A non-local gradient based approach of infinity Laplacian with $\Gamma$-convergence

TL;DR

This paper introduces a non-local gradient-based infinity Laplacian method for interpolation on unstructured point clouds, ensuring smooth, reliable results with proven convergence guarantees.

Contribution

It presents a novel non-local gradient approach combined with $\Gamma$-convergence analysis, providing a convex, efficient solution with theoretical convergence guarantees.

Findings

Provides consistent interpolation results even at low sampling rates.

The discrete minimizer converges to the continuous solution, ensuring reliability.
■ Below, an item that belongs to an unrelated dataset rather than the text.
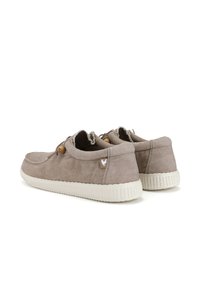 Light gray suede slip-on shoes with a textured white rubber sole, contrasting brown laces, and a small logo patch on the heel.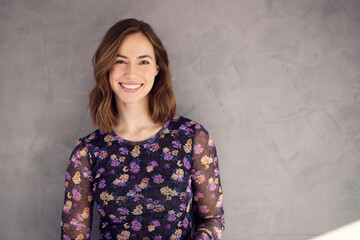 Portrait of a brunette caucasian woman smiling and looking beautiful standing isolated over grey concrete background. Elegant and attractive young female girl looking happy in camera.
The method is computationally efficient due to convexity and split Bregman optimization.

Abstract

We propose an infinity Laplacian method to address the problem of interpolation on an unstructured point cloud. In doing so, we find the labeling function with the smallest infinity norm of its gradient. By introducing the non-local gradient, the continuous functional is approximated with a discrete form. The discrete problem is convex and can be solved efficiently with the split Bregman method. Experimental results indicate that our approach provides consistent interpolations and the labeling functions obtained are globally smooth, even in the case of extreme low sampling rate. More importantly, convergence of the discrete minimizer to the optimal continuous labeling function is proved using $\Gamma$-convergence and compactness, which guarantees the reliability of the infinity Laplacian method in various potential applications.